TASK INSTRUCTIONS: Return only the lines from the start of the records through the line that contains "DLM Dashboard is", inclusive; leave out all pictures.

DATASET:
=======

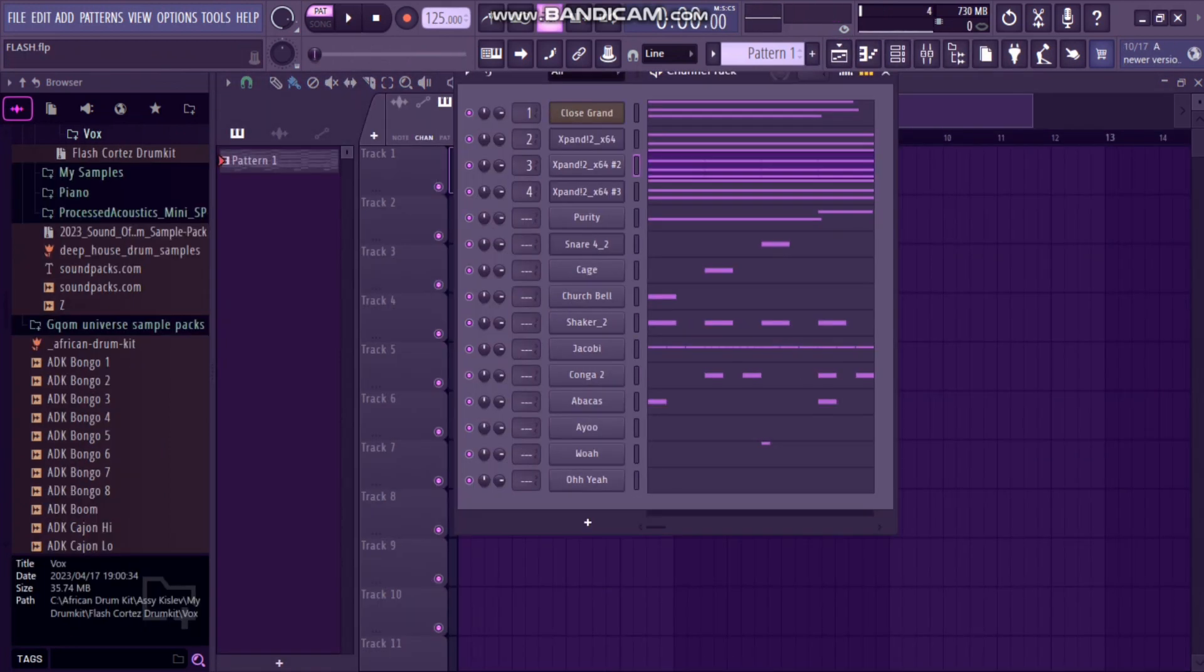So yeah man, I'm done with the beat. If you like it, there's a link on my description. Click and access the beat. It's your boy Flash Cortez from ON5, signing out.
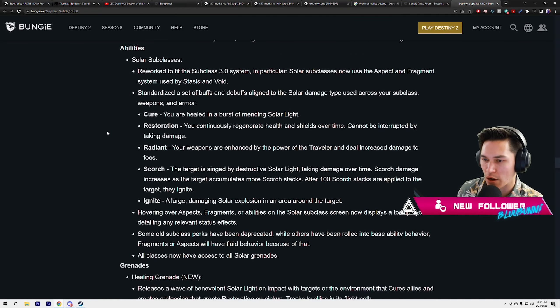Starting with grenades: Healing Grenade is completely new. Releases a wave of benevolent solar light on impact that cures allies and creates a blessing that grants restoration on pickup. Tracks to allies in its flight path. Solar Grenade now applies 20 scorch stacks to the target on initial detonation and 14 scorch stacks per second to targets in the linger damage volume. Base cooldown increased from 105 seconds to 121.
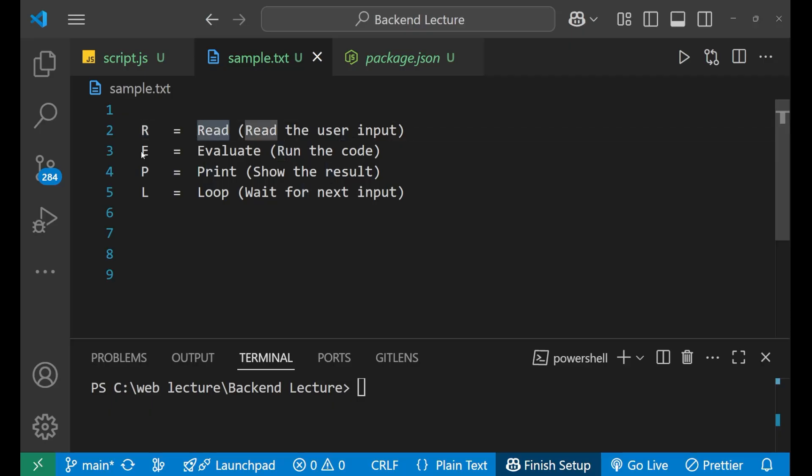After that we have E. E stands for evaluate. Whatever the input that you give to the terminal or the Node.js, Node.js evaluates your input for the result or to check whether the input is valid or not.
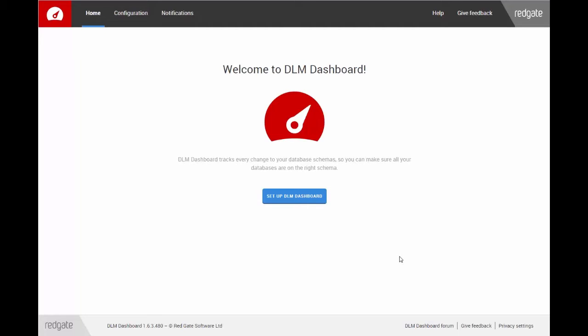DLM Dashboard is a free tool that tracks changes to your database schemas. In this video, I'll show you how to set up and start monitoring your databases in 2 minutes. Click Setup DLM Dashboard to begin.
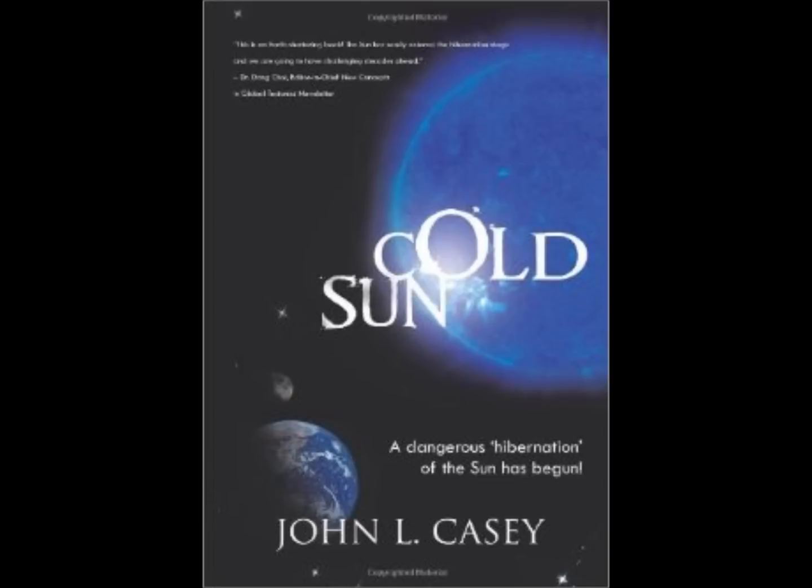Again, I'll reference John Casey. He wrote a couple of books about this particular event. Cold Sun was the first one that I read that really opened my eyes as to what we are facing. And Dr. Casey's second book, Dark Winter, which was just released, is about how the sun is going to cause a 30-year cold spell.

=======

RESULT OF THIS TASK:
So yeah man, I'm done with the beat. If you like it, there's a link on my description. Click and access the beat. It's your boy Flash Cortez from ON5, signing out.
Starting with grenades: Healing Grenade is completely new. Releases a wave of benevolent solar light on impact that cures allies and creates a blessing that grants restoration on pickup. Tracks to allies in its flight path. Solar Grenade now applies 20 scorch stacks to the target on initial detonation and 14 scorch stacks per second to targets in the linger damage volume. Base cooldown increased from 105 seconds to 121.
After that we have E. E stands for evaluate. Whatever the input that you give to the terminal or the Node.js, Node.js evaluates your input for the result or to check whether the input is valid or not.
DLM Dashboard is a free tool that tracks changes to your database schemas. In this video, I'll show you how to set up and start monitoring your databases in 2 minutes. Click Setup DLM Dashboard to begin.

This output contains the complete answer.